# Task brief
Repeat the records word for word, excluding any picture.

Brief descriptive captions
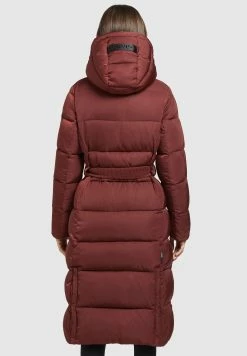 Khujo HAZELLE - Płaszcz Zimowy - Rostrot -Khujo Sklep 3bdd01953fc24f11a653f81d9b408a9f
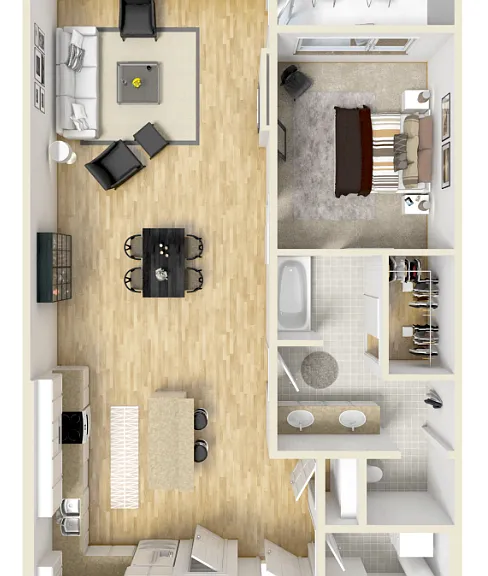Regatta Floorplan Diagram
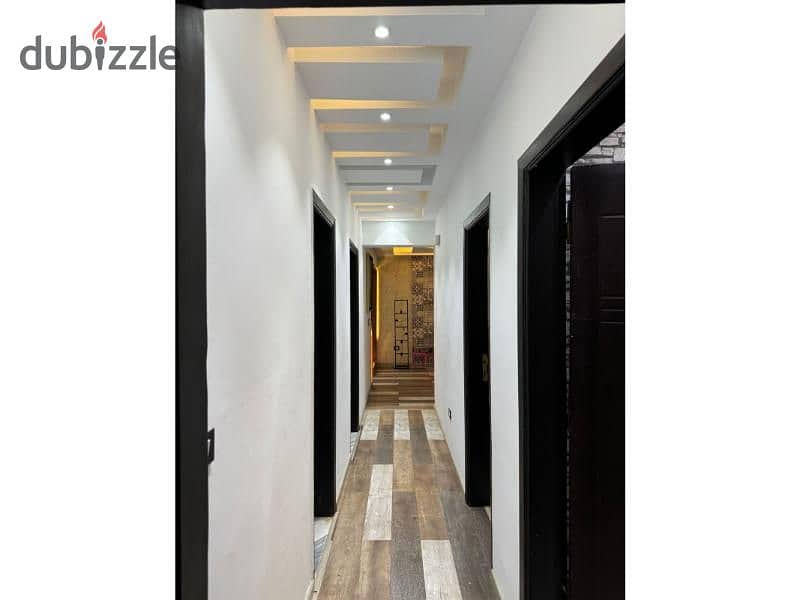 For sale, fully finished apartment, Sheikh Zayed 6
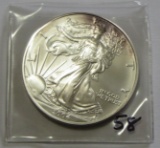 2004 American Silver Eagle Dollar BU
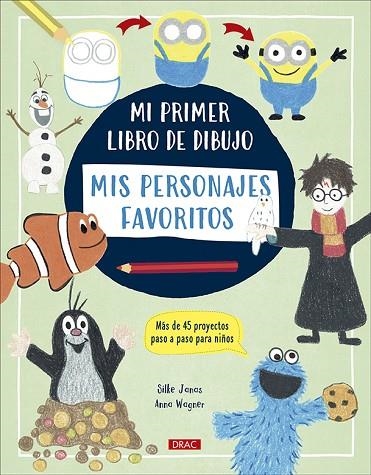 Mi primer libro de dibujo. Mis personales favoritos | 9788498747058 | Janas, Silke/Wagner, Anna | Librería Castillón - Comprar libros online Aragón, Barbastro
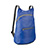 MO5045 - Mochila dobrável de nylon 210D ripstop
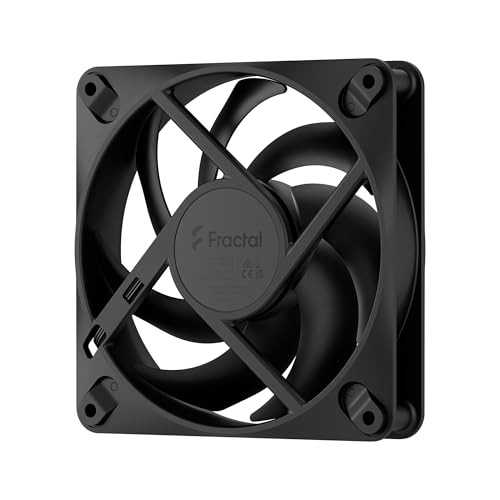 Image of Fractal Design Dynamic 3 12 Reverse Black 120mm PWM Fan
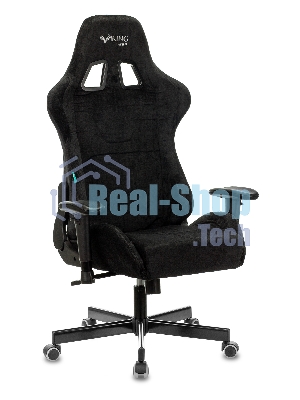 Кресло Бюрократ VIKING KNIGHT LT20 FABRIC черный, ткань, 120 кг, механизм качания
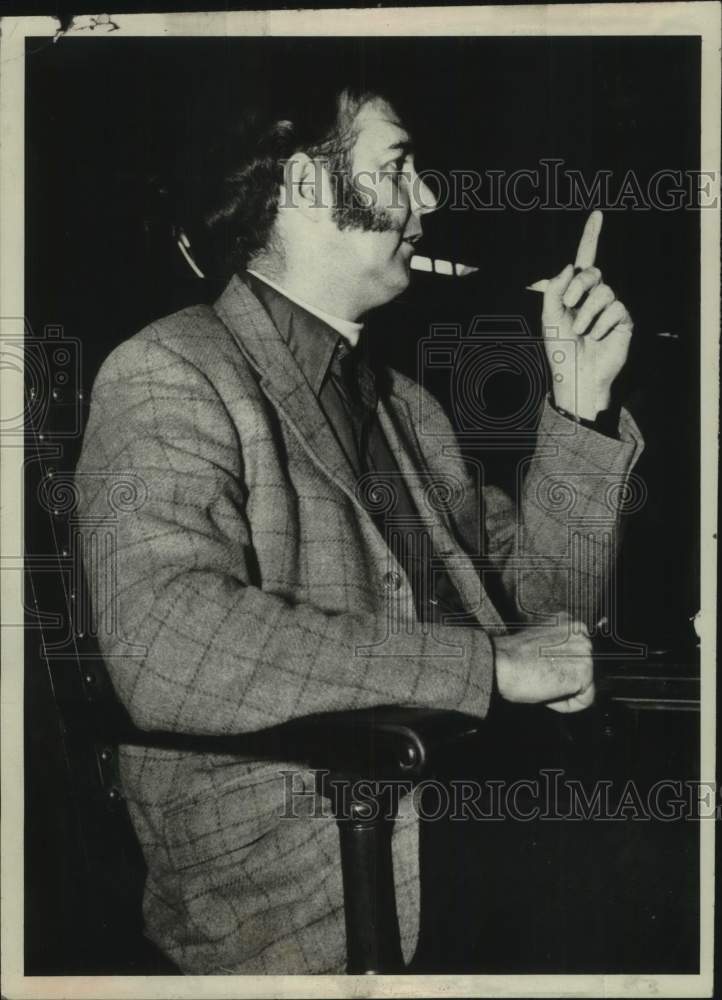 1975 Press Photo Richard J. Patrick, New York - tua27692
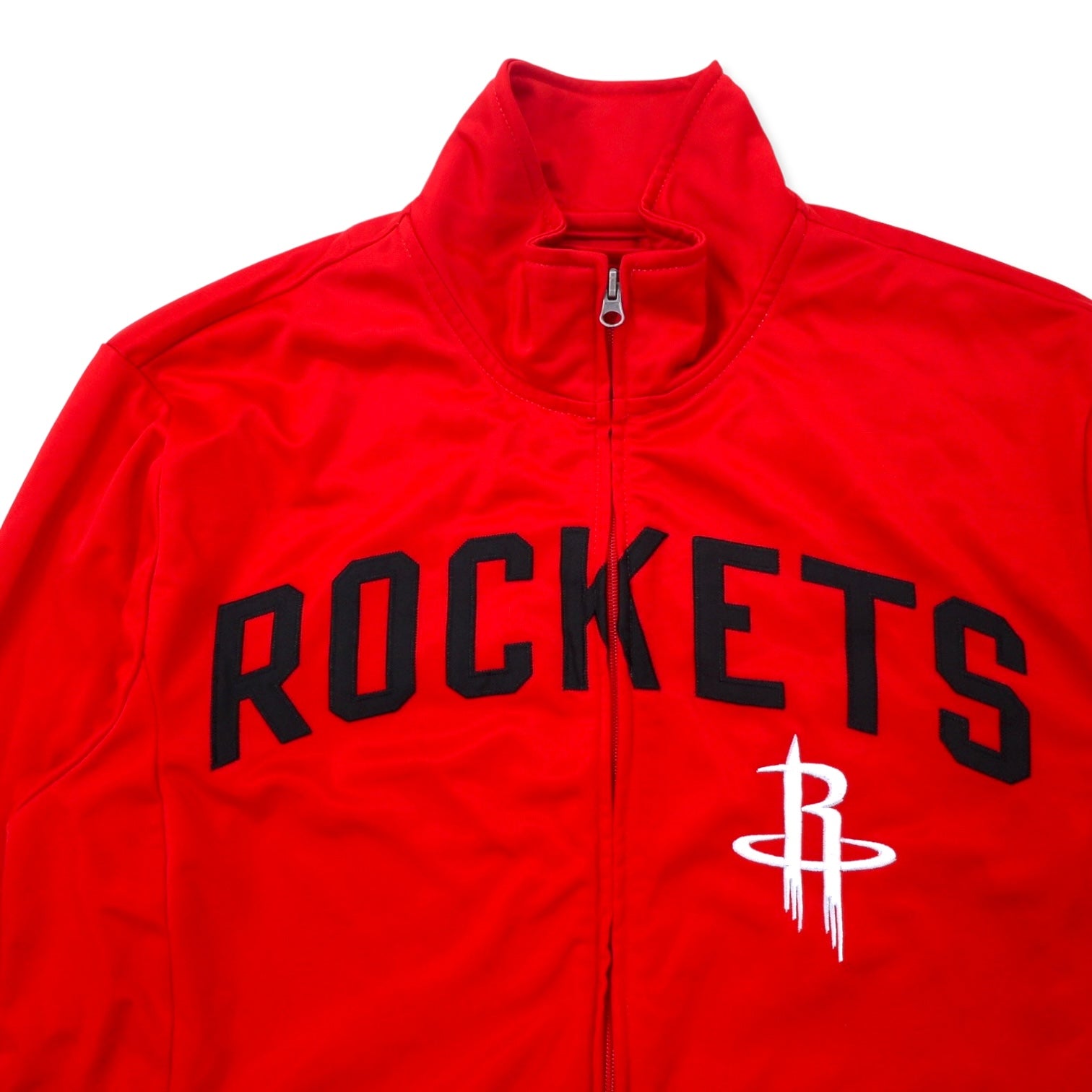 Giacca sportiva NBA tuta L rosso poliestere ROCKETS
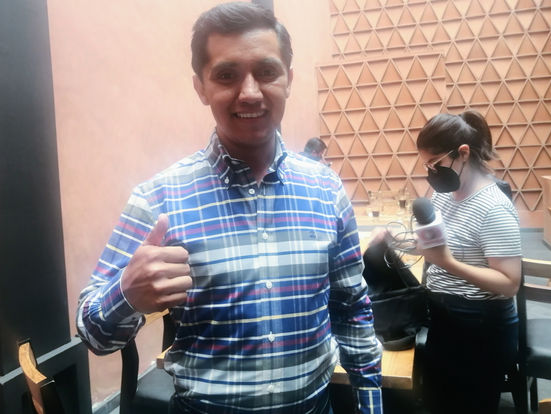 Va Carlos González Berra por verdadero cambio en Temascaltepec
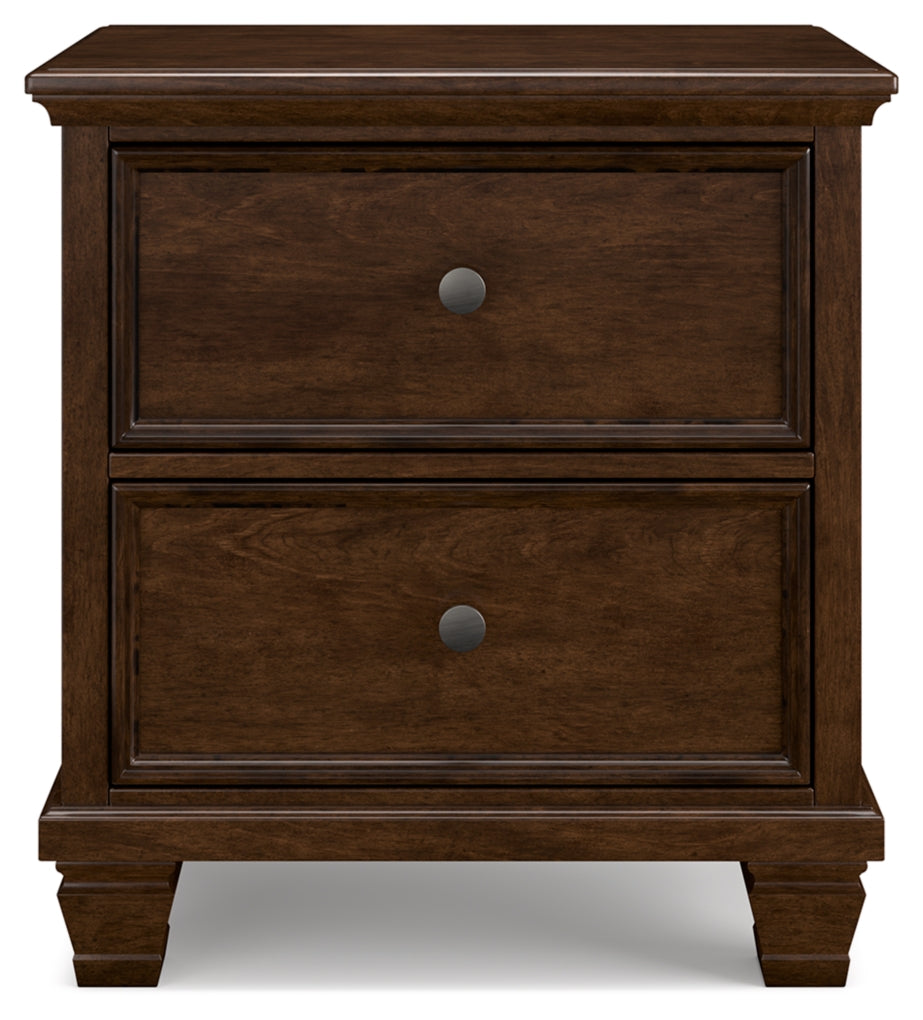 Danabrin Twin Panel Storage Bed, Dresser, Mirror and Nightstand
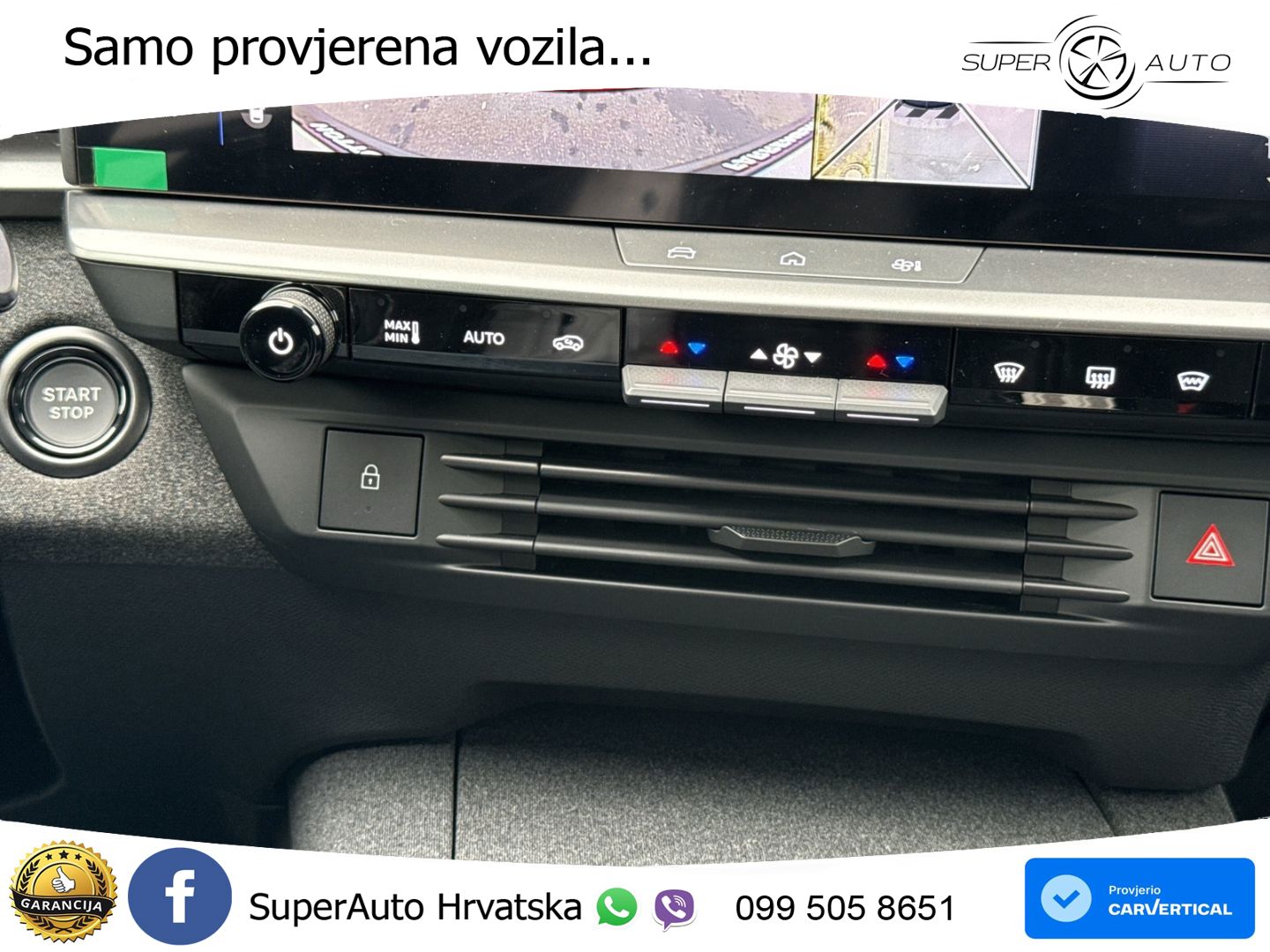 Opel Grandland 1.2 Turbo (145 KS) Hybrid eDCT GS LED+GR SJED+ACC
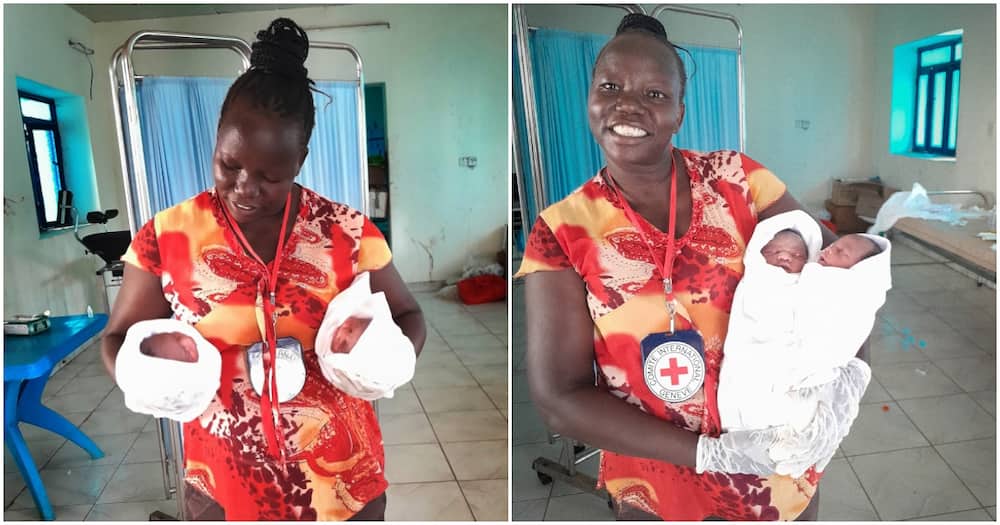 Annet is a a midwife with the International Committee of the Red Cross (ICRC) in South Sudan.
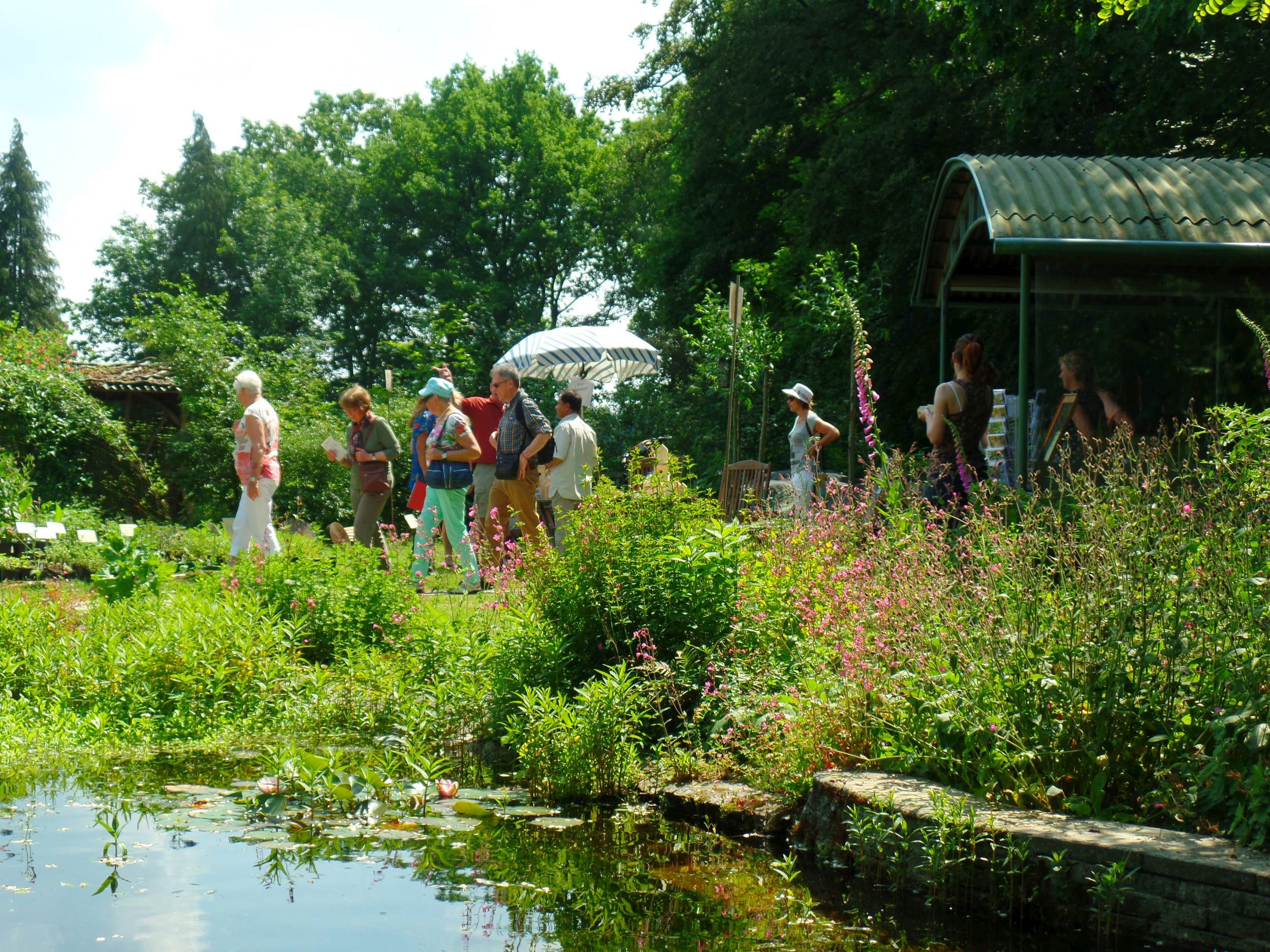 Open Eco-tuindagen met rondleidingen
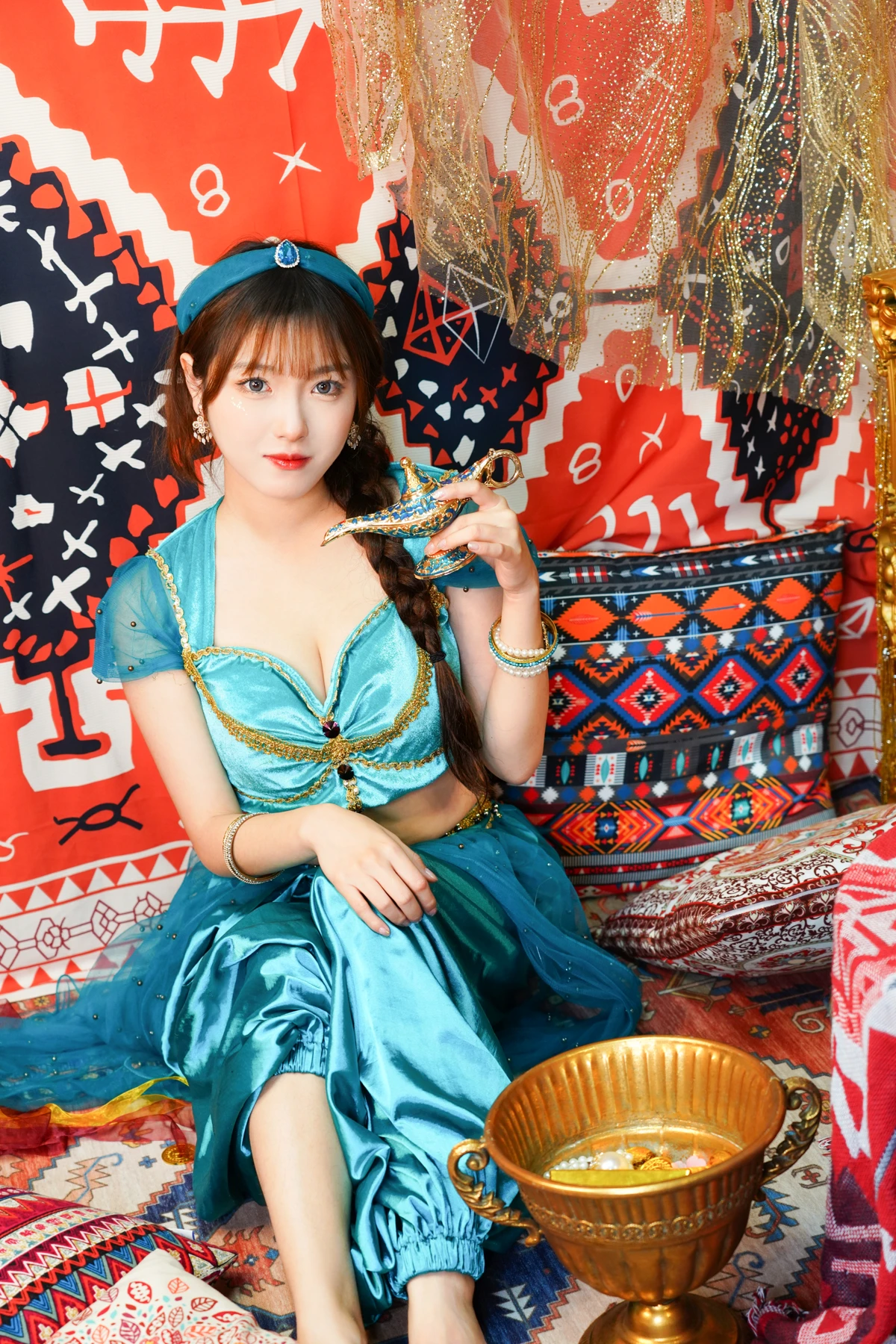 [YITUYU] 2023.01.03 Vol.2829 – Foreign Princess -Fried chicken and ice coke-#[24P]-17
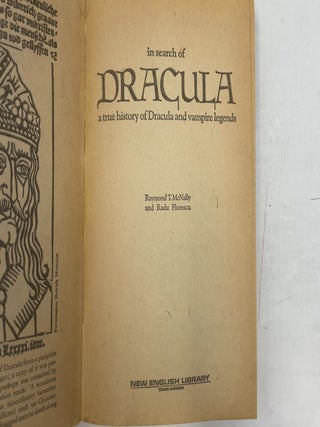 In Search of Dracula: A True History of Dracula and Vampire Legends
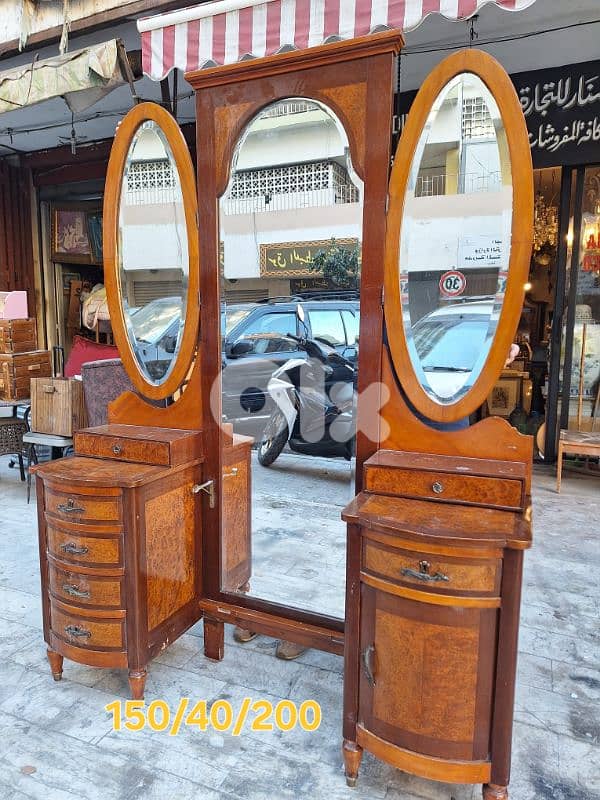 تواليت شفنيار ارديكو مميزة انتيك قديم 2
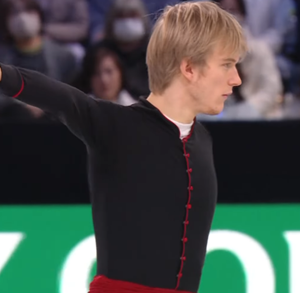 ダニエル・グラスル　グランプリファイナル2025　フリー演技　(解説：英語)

# Solution
 Khujo HAZELLE - Płaszcz Zimowy - Rostrot -Khujo Sklep 3bdd01953fc24f11a653f81d9b408a9f
Regatta Floorplan Diagram
 For sale, fully finished apartment, Sheikh Zayed 6
 2004 American Silver Eagle Dollar BU
 Mi primer libro de dibujo. Mis personales favoritos | 9788498747058 | Janas, Silke/Wagner, Anna | Librería Castillón - Comprar libros online Aragón, Barbastro
 MO5045 - Mochila dobrável de nylon 210D ripstop
 Image of Fractal Design Dynamic 3 12 Reverse Black 120mm PWM Fan
 Кресло Бюрократ VIKING KNIGHT LT20 FABRIC черный, ткань, 120 кг, механизм качания
 1975 Press Photo Richard J. Patrick, New York - tua27692
 Giacca sportiva NBA tuta L rosso poliestere ROCKETS
 Va Carlos González Berra por verdadero cambio en Temascaltepec
 Danabrin Twin Panel Storage Bed, Dresser, Mirror and Nightstand
 Opel Grandland 1.2 Turbo (145 KS) Hybrid eDCT GS LED+GR SJED+ACC
 Annet is a a midwife with the International Committee of the Red Cross (ICRC) in South Sudan.
 Open Eco-tuindagen met rondleidingen
 [YITUYU] 2023.01.03 Vol.2829 – Foreign Princess -Fried chicken and ice coke-#[24P]-17
 In Search of Dracula: A True History of Dracula and Vampire Legends
 تواليت شفنيار ارديكو مميزة انتيك قديم 2
 ダニエル・グラスル　グランプリファイナル2025　フリー演技　(解説：英語)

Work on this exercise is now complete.